_Exercise requirements_
Leave out every picture, and return exactly the lines from the line containing "USB-Kabel Aten UCE60 Grau... (MPN M0304082)" through the end of the records below, both inclusive.

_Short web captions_
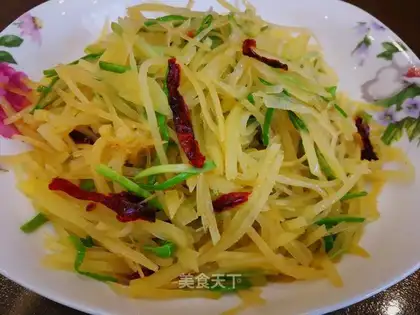 Pepper potato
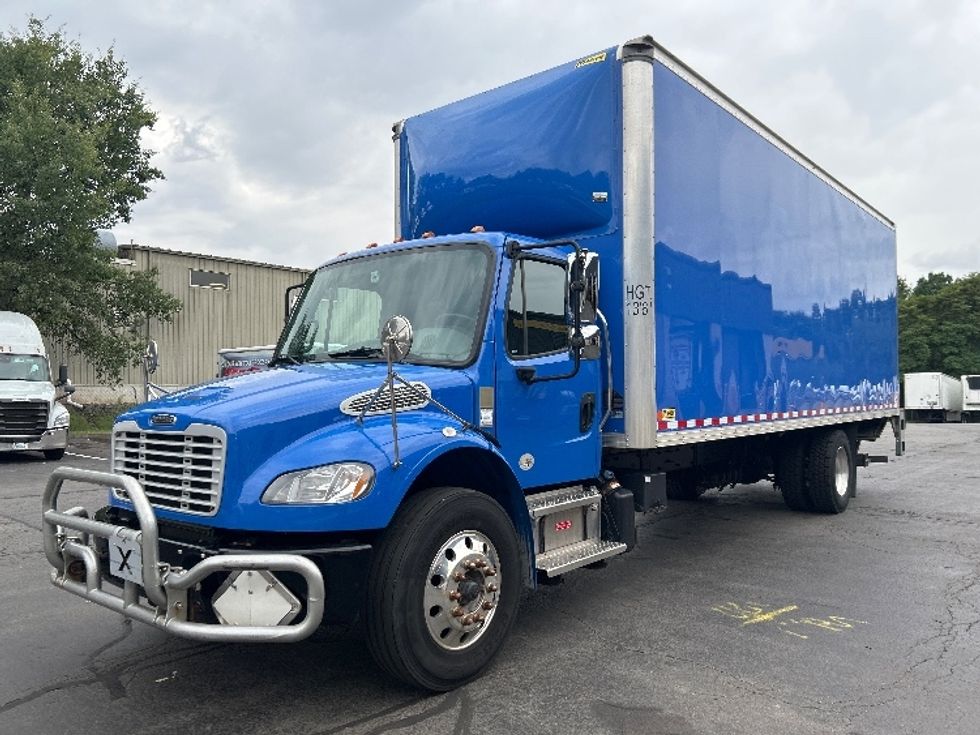 Medium Duty Box Truck-Light and Medium Duty Trucks-Freightliner-2022-M2-Jessup-PA-278,899\n\t\tmiles-$ 50,250 - Image 3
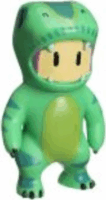 P.M.I. Stumble Guys Meglepetés figura 2. széria 5,5cm - Többféle
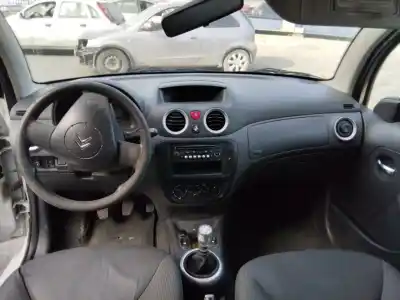 Scrapping Vehicle citroen c3 hdi 92 sx plus of the year 2001 powered 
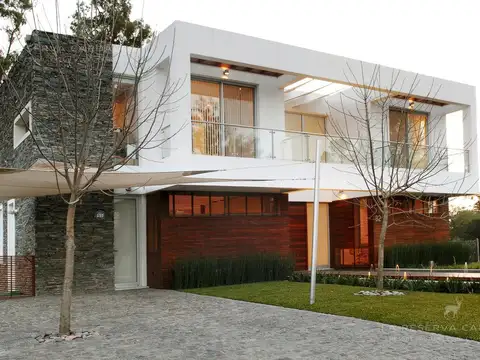Casa en Venta en La Reserva Cardales, Countries y Barrios Cerrados en Campana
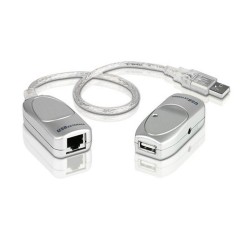 USB-Kabel Aten UCE60 Grau... (MPN M0304082)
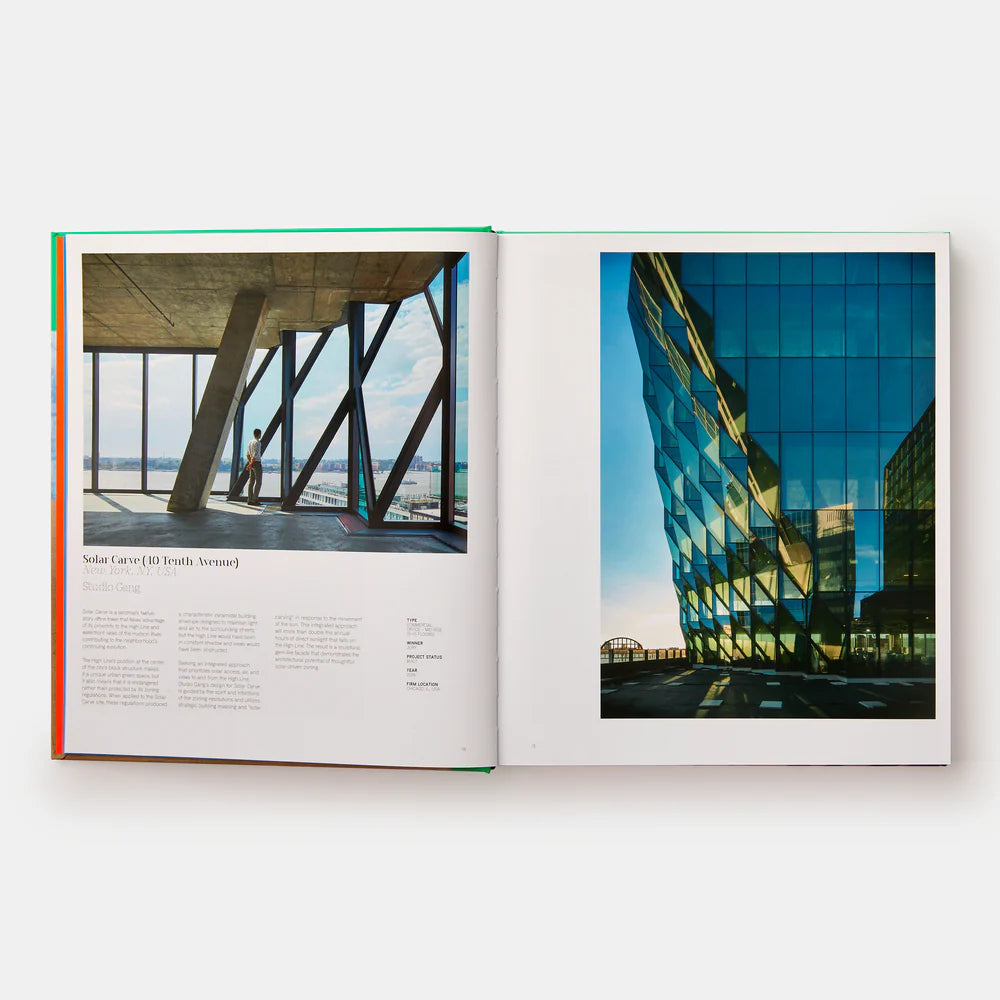 Architizer: The World´s Best Architecture I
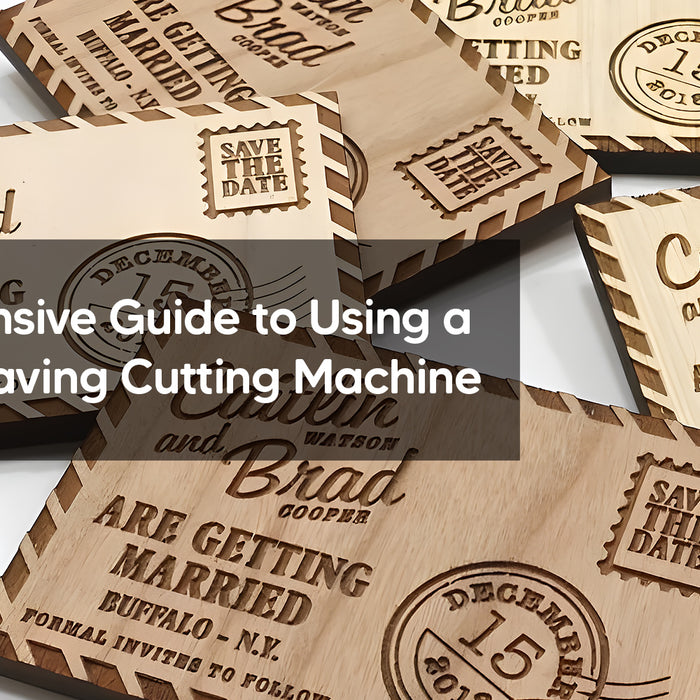 Comprehensive Guide to Using a Laser Engraving Cutting Machine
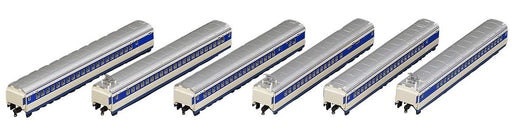 Tomytec Tomix N Gauge Shinkansen Extension Set B 6 Cars 98682 Model Train- Japan Figure Store - #1 Bring To You The Best Japanese Goods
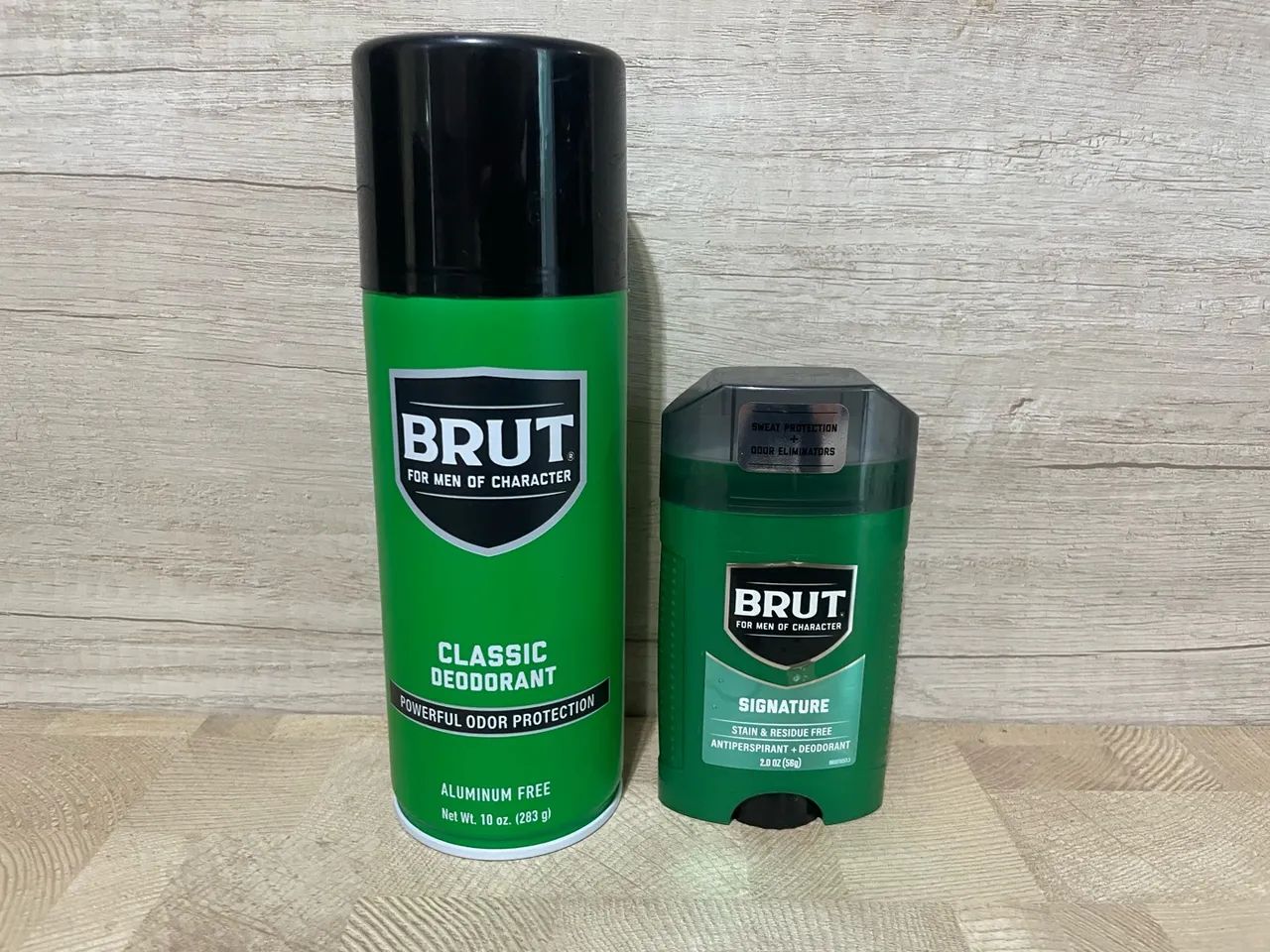 Desodorante Brut Classic 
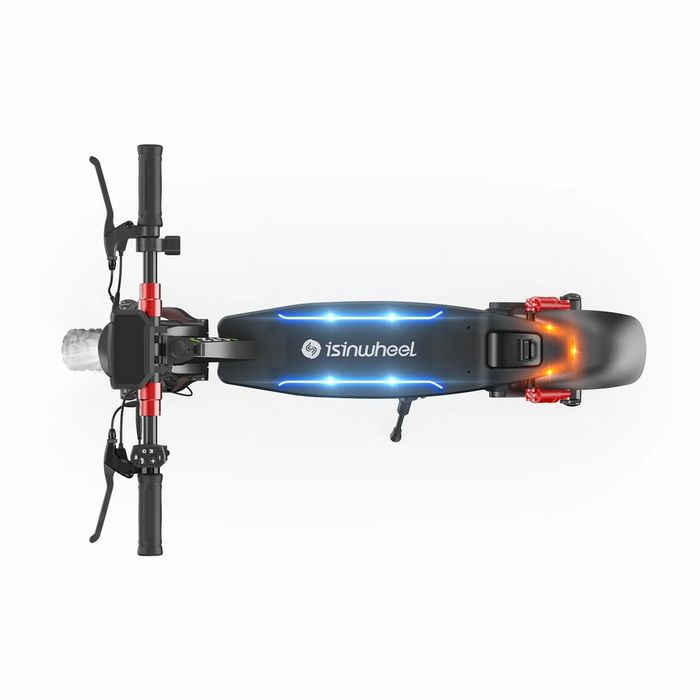 Trotinetă electrică off-road  Isinwheel GT2 Noua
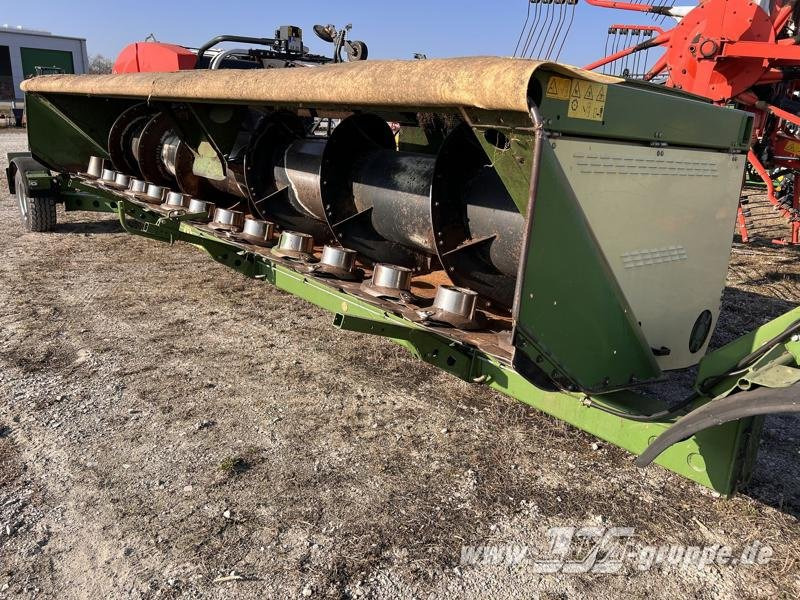 Krone X-DISC 6200 - Cositoare: Foto 5 Krone X-DISC 6200 - Cositoare: Foto 5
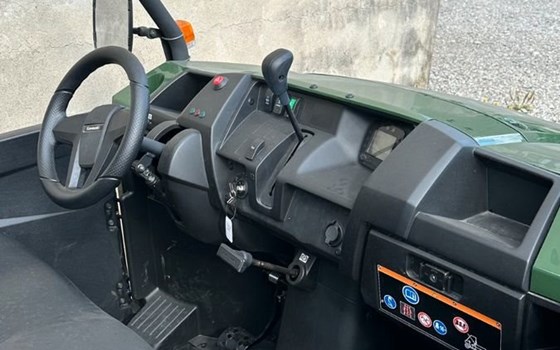 Neufahrzeug Kawasaki Mule PRO-MX - Bild 6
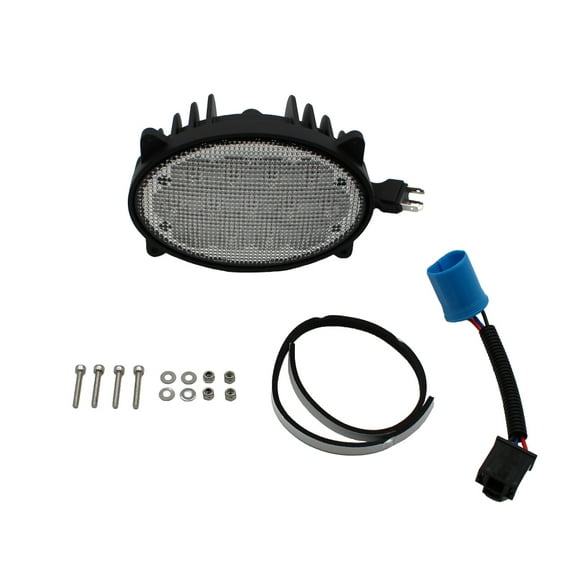 RAParts WN-87106352 LED Roof, Hood Light Fits Miscellaneous CIH Fits JD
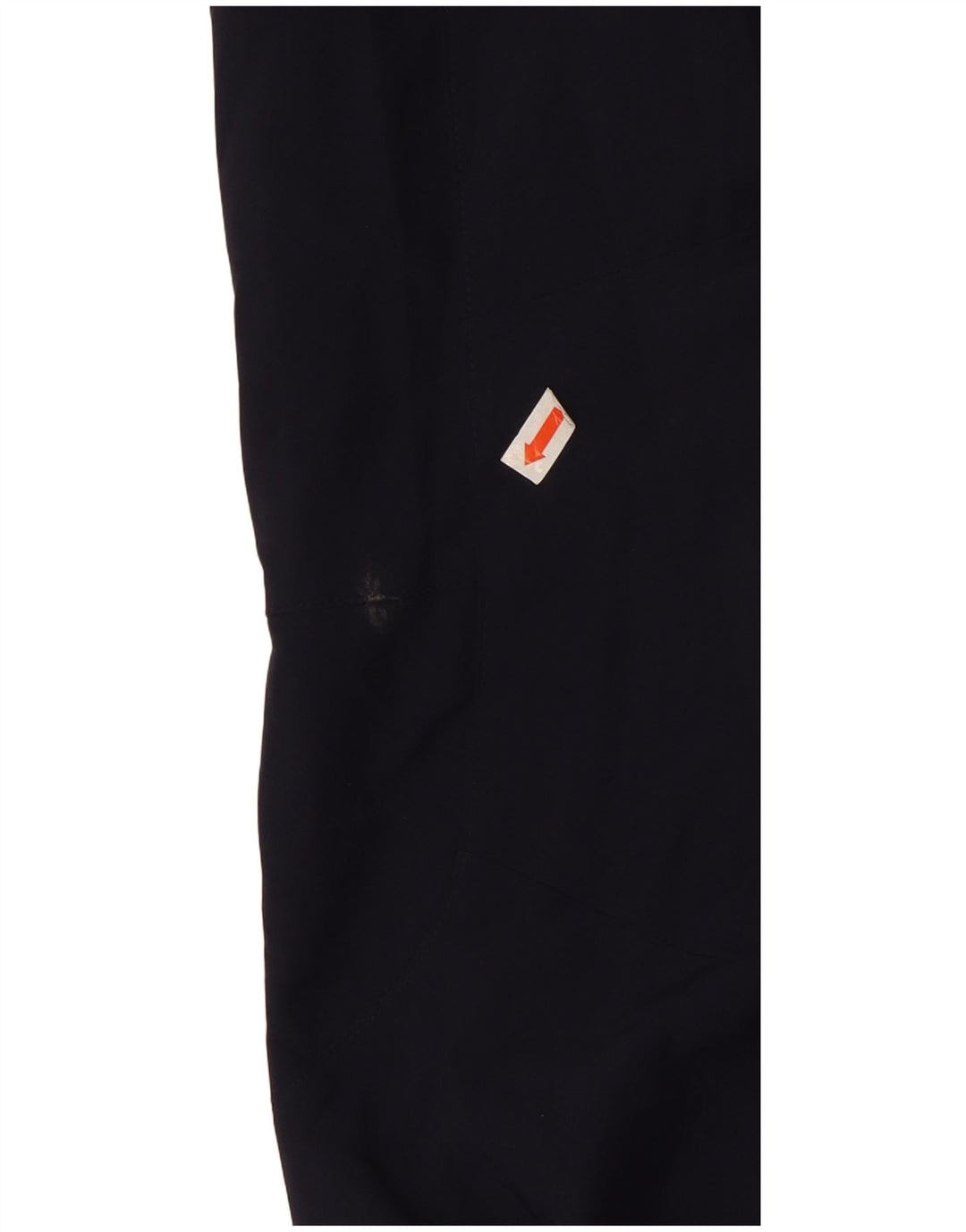 Calça de treino masculina PUMA pequena azul marinho poliéster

_Task output_
 USB-Kabel Aten UCE60 Grau... (MPN M0304082)
 Architizer: The World´s Best Architecture I
 Comprehensive Guide to Using a Laser Engraving Cutting Machine
 Tomytec Tomix N Gauge Shinkansen Extension Set B 6 Cars 98682 Model Train- Japan Figure Store - #1 Bring To You The Best Japanese Goods
 Desodorante Brut Classic 
 Trotinetă electrică off-road  Isinwheel GT2 Noua
 Krone X-DISC 6200 - Cositoare: Foto 5 Krone X-DISC 6200 - Cositoare: Foto 5
 Neufahrzeug Kawasaki Mule PRO-MX - Bild 6
 RAParts WN-87106352 LED Roof, Hood Light Fits Miscellaneous CIH Fits JD
 Calça de treino masculina PUMA pequena azul marinho poliéster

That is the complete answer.